### [Work order]
In the records below, find the line that contains "Shin Yuna Gaya" and the line that contains "T & T Hostel Kanchanaburi Ngoại thất bức ảnh". Set down exactly those lines and every line between them, and nothing more.

### [Input records]

==================================================

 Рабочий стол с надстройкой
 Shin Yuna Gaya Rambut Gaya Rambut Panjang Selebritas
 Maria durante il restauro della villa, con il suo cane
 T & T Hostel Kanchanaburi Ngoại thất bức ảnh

==================================================

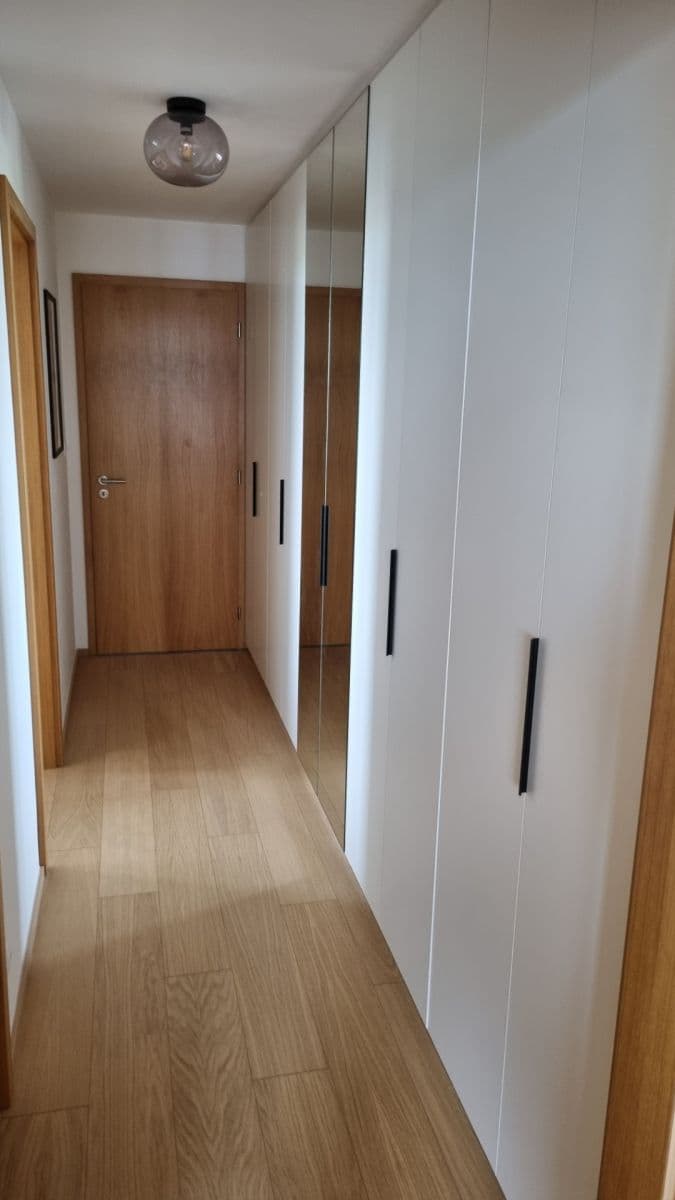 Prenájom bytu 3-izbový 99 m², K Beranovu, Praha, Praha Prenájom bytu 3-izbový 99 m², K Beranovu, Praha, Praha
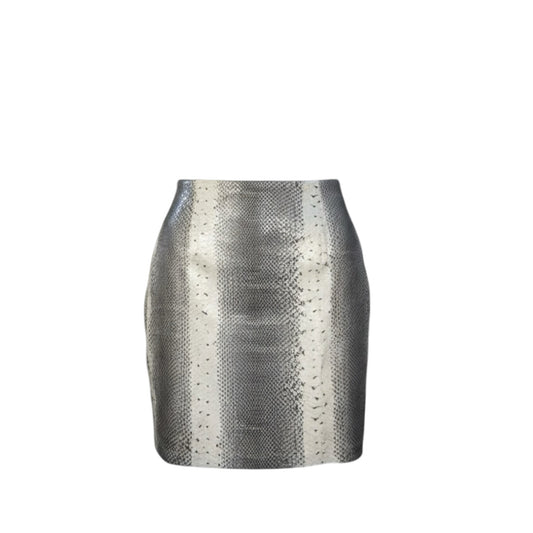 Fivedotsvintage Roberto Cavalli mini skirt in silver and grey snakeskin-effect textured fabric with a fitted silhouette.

==================================================

### [Response for this exercise]
 Shin Yuna Gaya Rambut Gaya Rambut Panjang Selebritas
 Maria durante il restauro della villa, con il suo cane
 T & T Hostel Kanchanaburi Ngoại thất bức ảnh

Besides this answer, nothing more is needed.